> **TASK OBJECTIVE**
Your task is to restate the listing word for word without the pictures.

> **GIVEN DATA**

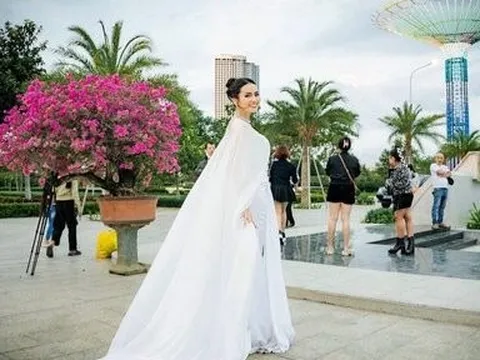 Cuộc sống của Hoa hậu Bích Hạnh thế nào sau 1 năm đăng quang?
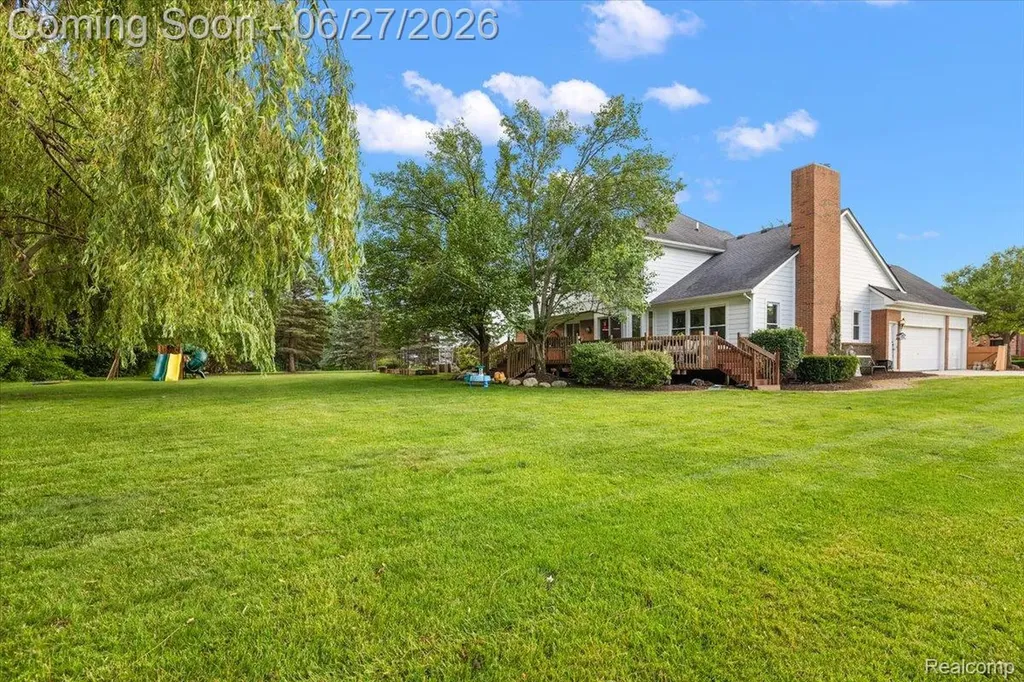 4193 Oak Tree Circle Oakland Charter Township MI 48306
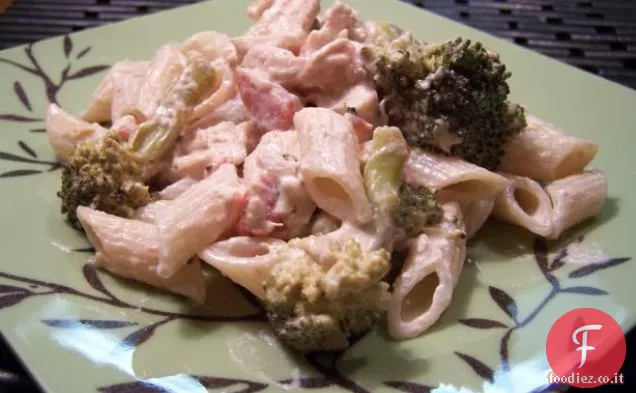Pasta di pollo cremosa facile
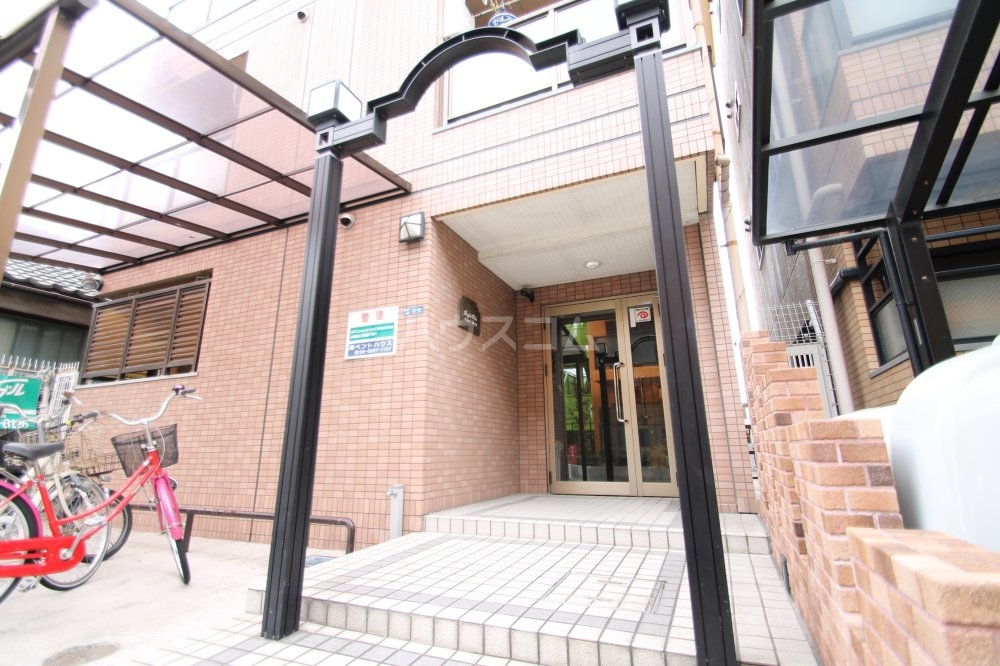 20/29 エントランス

> **RESULT**
 Cuộc sống của Hoa hậu Bích Hạnh thế nào sau 1 năm đăng quang?
 4193 Oak Tree Circle Oakland Charter Township MI 48306
Pasta di pollo cremosa facile
 20/29 エントランス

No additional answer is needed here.